Premal’s next move was to create Kiva: the world’s first online lending platform connecting lenders to entrepreneurs. Motivated by a desire to do good and to stick to an ethical, honest business development, he put all his time and energy in this new project. However when the Kiva board rejected his desire to become CEO, he felt deeply hurt. This is when he decided to turn to The Wellbeing Project. Premal applied to The Wellbeing Project because he was angry and disappointed, feeling he had put so much effort into something sincere and true. His experience as a participant of the Inner Development Program ignited a change in his vision of self-worth, ambition, and work.

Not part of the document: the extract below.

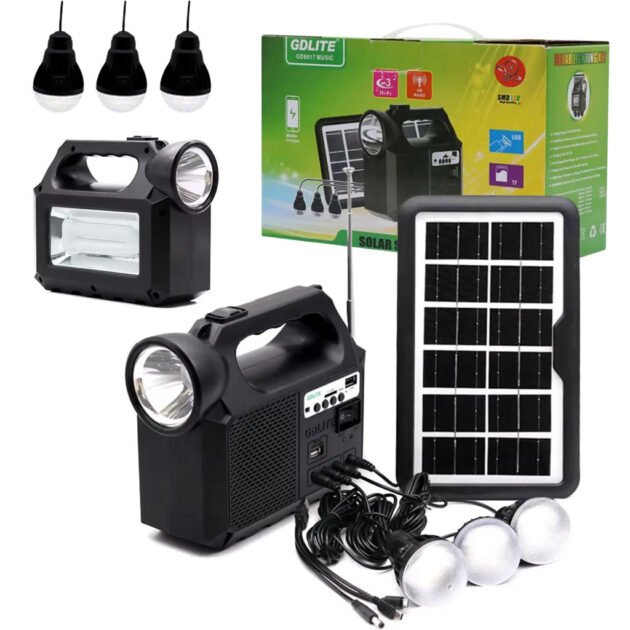 Système d’Éclairage Solaire avec Haut Parleur Bluetooth GDLITE GD8017 – طقم إنارة بالطاقة الشمسية مع مكبر صوت بلوتوث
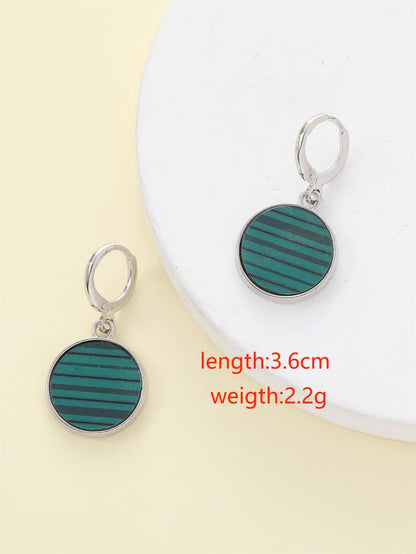 1 Pair Elegant Glam Monogram Inlay Zinc Alloy Resin Drop Earrings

He learned how to deconstruct, dismantle, and undo everything that he had been taught over time in order to rethink and reevaluate his own happiness. Lacking a certain amount of tools due to the educational system in which he had been raised, Premal also learned knew ways of understanding himself. He left behind him many frustrations and difficulties he had accumulated over the years.
“If I had to summarize the before versus the after of participating in The Wellbeing Project, I’d say this: it helped me shift from fear based on operating system to one based on love. I feel like I can trust the unfolding of life, and follow what feels most enlivening. So much of my fuel was based on fear of not being enough. Now, I realize I am love. And no one is in the binary bucket of “admirable” or “inadequate”. It is quite the opposite, everyone else is love as well. This changes everything. “ Premal Shah
Now driven by a spontaneous desire to go where things will bring him, Premal is currently taking the time to rebalance his life towards family, health, and connecting with others. For his future, he focuses on being more dynamic and productive, and more involved as an activist. Although he has not yet found all the answers, it is with more confidence and energy that he is moving forward.